UNIDAD INTERIOR

HOMILÍA – lunes de la III Semana del Tiempo Ordinario

La liturgia de hoy nos sitúa ante un tema decisivo para la vida espiritual: la unidad interior. ¿Desde dónde vivemos? ¿Qué voz sigue realmente nuestro corazón? ¿Quién sostiene nuestra vida y le da consistencia?

La primera lectura nos presenta a David, proclamado rey por todas las tribus de Israel. Después de años de fracturas, rivalidades y luchas internas, el pueblo finalmente reconoce en él al hombre elegido por Dios: «Tú pastorearás a mi pueblo Israel».
Este reconocimiento no nace de una maniobra política; nace de haber visto cómo Dios lo acompañaba. Por eso el texto concluye con una afirmación que ilumina todo su reinado: «David iba creciendo en poder, y el Señor Dios de los ejércitos estaba con él». La verdadera fuerza en la vida —también en la nuestra— no viene de nuestras estrategias, sino de la comunión con Dios. Cuando Él está, la vida crece; cuando Él deja de ser el centro, todo se dispersa, se rompe o se desgasta.

El salmo 88 retoma esta certeza y la vuelve oración: «Mi fidelidad y misericordia lo acompañarán, por mi nombre crecerá su poder». Es Dios quien sostiene, quien guía, quien defiende. No es el mérito del rey, sino la alianza del Señor. Esta es la clave de la vida del creyente: vivir apoyado en la fidelidad de Dios más que en las propias fuerzas.

Y llega el Evangelio con un contraste fuerte. Jesús está liberando, curando, sanando, y sin embargo algunos escribas, incapaces de ver la obra de Dios, lo acusan de actuar con poder del mal. Jesús responde con una lógica clara y profunda:
«Un reino dividido no puede sostenerse». Si hay división interior, si hay rupturas en el corazón, si hay doblez o mentira, nada puede mantenerse en pie.
Pero Jesús apunta a algo mayor: cuando rechazamos la obra del Espíritu, cuando cerramos la puerta a la gracia, cuando llamamos “tiniebla” a lo que es luz, el corazón queda sin fundamento.
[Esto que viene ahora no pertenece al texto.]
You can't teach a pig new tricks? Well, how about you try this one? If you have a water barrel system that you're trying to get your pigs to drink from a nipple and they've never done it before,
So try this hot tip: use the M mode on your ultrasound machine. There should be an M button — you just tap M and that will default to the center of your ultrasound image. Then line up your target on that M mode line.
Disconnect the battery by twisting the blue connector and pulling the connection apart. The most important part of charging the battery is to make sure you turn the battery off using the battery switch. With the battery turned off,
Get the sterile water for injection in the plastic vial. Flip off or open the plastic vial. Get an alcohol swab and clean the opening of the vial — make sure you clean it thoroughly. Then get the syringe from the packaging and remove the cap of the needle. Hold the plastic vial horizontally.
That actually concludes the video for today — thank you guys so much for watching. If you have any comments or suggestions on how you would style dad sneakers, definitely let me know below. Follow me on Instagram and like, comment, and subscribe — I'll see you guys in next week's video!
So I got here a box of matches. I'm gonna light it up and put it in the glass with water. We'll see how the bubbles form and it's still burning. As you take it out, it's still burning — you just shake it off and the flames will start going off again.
La advertencia de Jesús no es una amenaza, sino una invitación: dejar actuar al Espíritu, dejar que Él unifique, purifique, aclare, haga verdad dentro de nosotros.
Solo el Espíritu Santo puede hacer que nuestro corazón, disperso tantas veces, se vuelva un corazón entero, centrado, unificado en Cristo.

El mensaje de hoy, entonces, se condensa en dos movimientos: 

1. Dios edifica la vida del que confía

Como David, cuando dejamos que Dios entre en nuestros caminos, Él nos hace crecer. No en poder humano, sino en profundidad, en libertad, en estabilidad interior.
La fidelidad de Dios se convierte en terreno firme bajo nuestros pies.
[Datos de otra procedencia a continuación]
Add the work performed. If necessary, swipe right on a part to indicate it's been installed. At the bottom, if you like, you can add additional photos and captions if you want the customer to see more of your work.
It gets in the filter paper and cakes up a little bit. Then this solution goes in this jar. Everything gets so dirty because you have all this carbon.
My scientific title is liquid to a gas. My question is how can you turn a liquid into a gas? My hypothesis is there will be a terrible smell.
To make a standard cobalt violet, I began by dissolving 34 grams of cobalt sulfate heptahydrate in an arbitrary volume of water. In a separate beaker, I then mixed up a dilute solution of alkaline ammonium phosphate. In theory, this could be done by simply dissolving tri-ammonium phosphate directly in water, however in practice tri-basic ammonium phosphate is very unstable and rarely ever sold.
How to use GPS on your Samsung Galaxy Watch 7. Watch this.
2. El mal se derrota con un corazón unido a Dios

El demonio —dice Jesús— siembra división, sospecha, ruido interior, miedo. El Espíritu en cambio une, pacifica, integra, ilumina. Por eso la pregunta de este lunes es sencilla y decisiva: ¿Desde qué centro estoy viviendo? ¿Desde la voz del Espíritu… o desde mis miedos, mis heridas, mis resistencias?
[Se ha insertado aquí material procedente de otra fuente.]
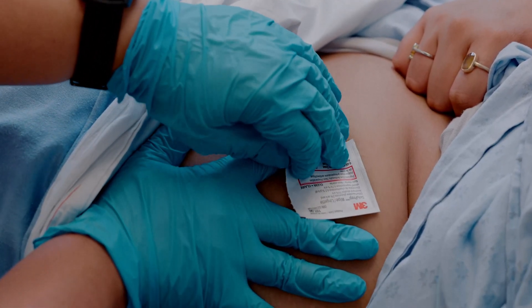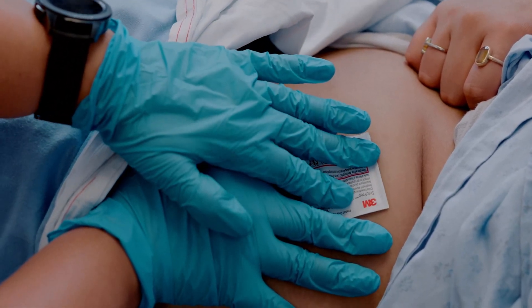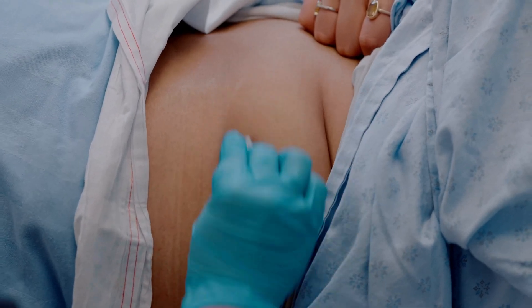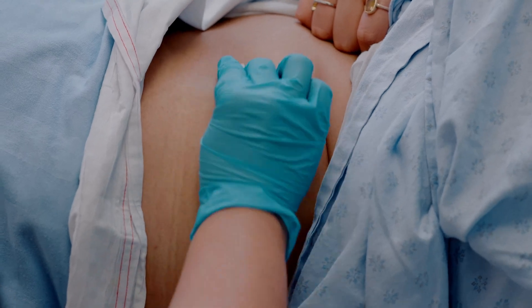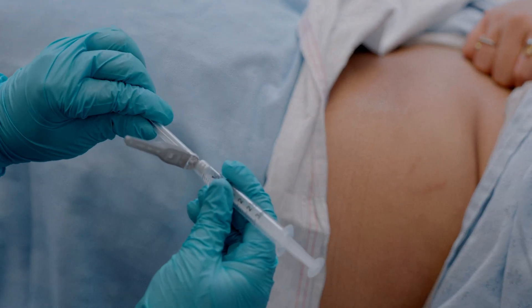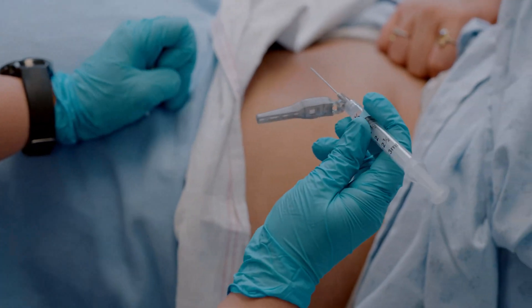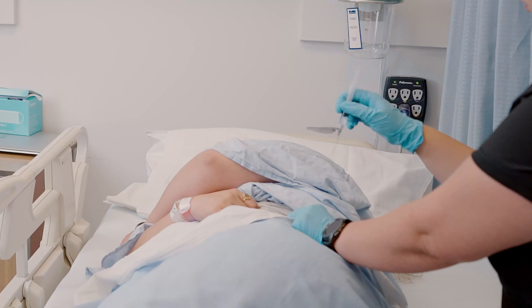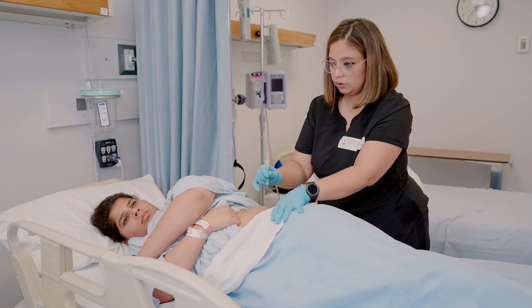Once you have located the site, it may help to mark it with an unopened alcohol wipe. To clean the injection site, go in a zigzag manner for 30 seconds. Once the area is dry, remove the needle cap and hold the syringe with the thumb and forefinger of your dominant hand as if it were a dart. Remind your patient to try and relax.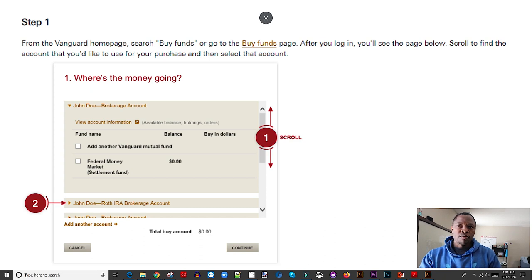What you want to do is select the account that you want the money to go into. Make sure you select the right account, because you can't really move money between two accounts within Vanguard — you cannot move money from your traditional IRA into your Roth IRA. You'd have to go back to your bank account and then into the correct account, so make sure you're selecting the right account at this stage. Once you've identified the right account, click next.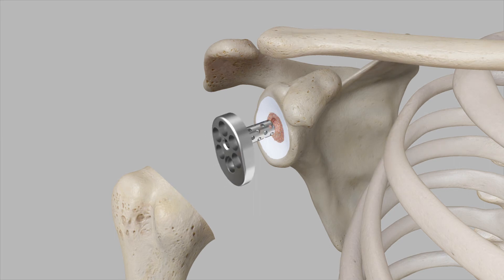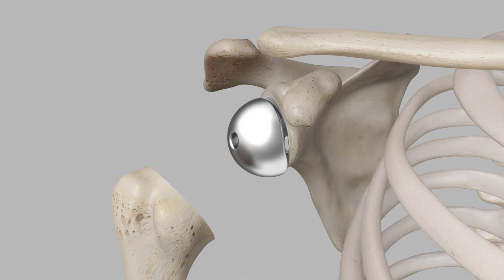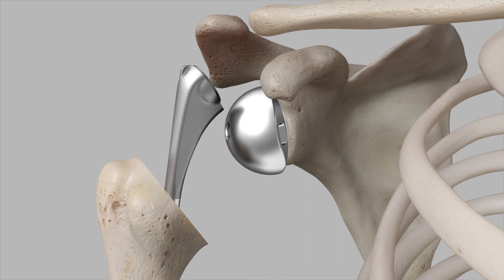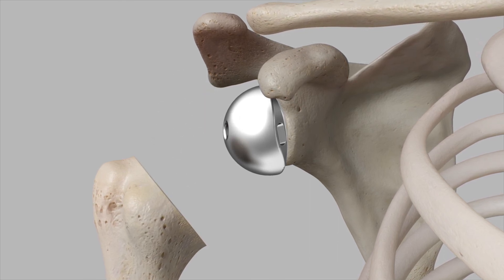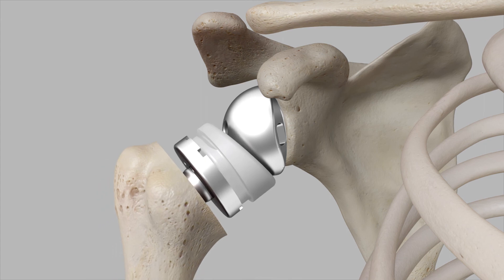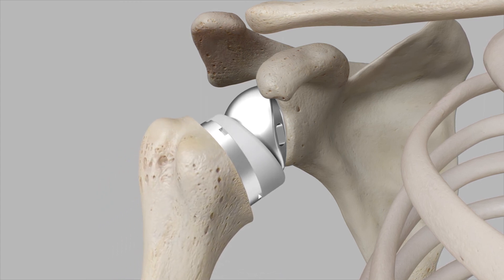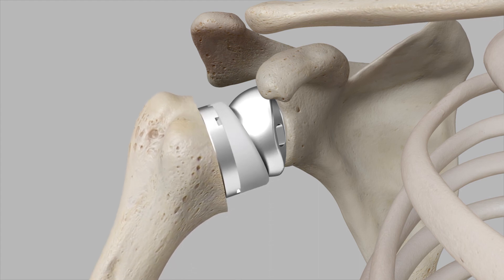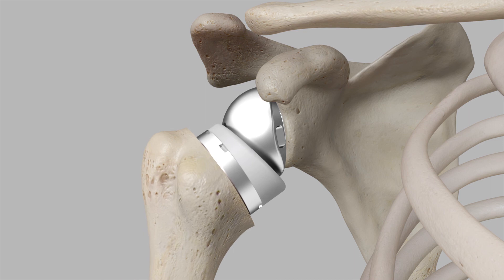A glenoid plate is inserted to act as a base for the metal ball, the glenosphere. A metal stem is then cemented or press-fit into the canal of the arm bone, depending on the surgeon's preference. The metal ball is fixed to the socket, and a plastic component, the humeral liner, is fixed to the upper end of the humerus, essentially reversing the ball and socket joint's original position.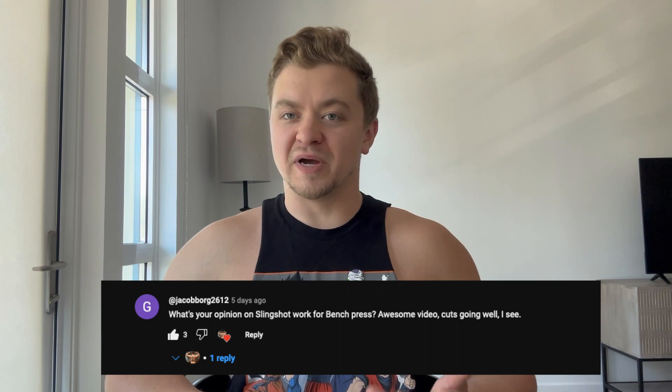Hello and welcome back. This is the reboot of my Q&A series. I want to give a big thank you to Jacob Borg for asking the first question, which is: what is your opinion on the slingshot bench press?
Hoy Jesús quiere darnos un corazón unificado, un corazón que llama “bien” a lo que es de Dios y “mal” a lo que destruye; un corazón reconciliado consigo mismo y abierto a la gracia. Dios quiere conducirnos como condujo a David: paso a paso, a través de luces y sombras, hasta hacernos vivir sólidos en Él.

Pidamos que esta semana el Señor unifique lo que está roto, pacifique lo que está agitado, ilumine lo que está confuso. Y que su Espíritu, actuando en nosotros, nos haga vivir de modo coherente, sereno y lleno de verdad, para que nuestra vida —como la de David— pueda decir también: “El Señor está con él”… “El Señor está conmigo”.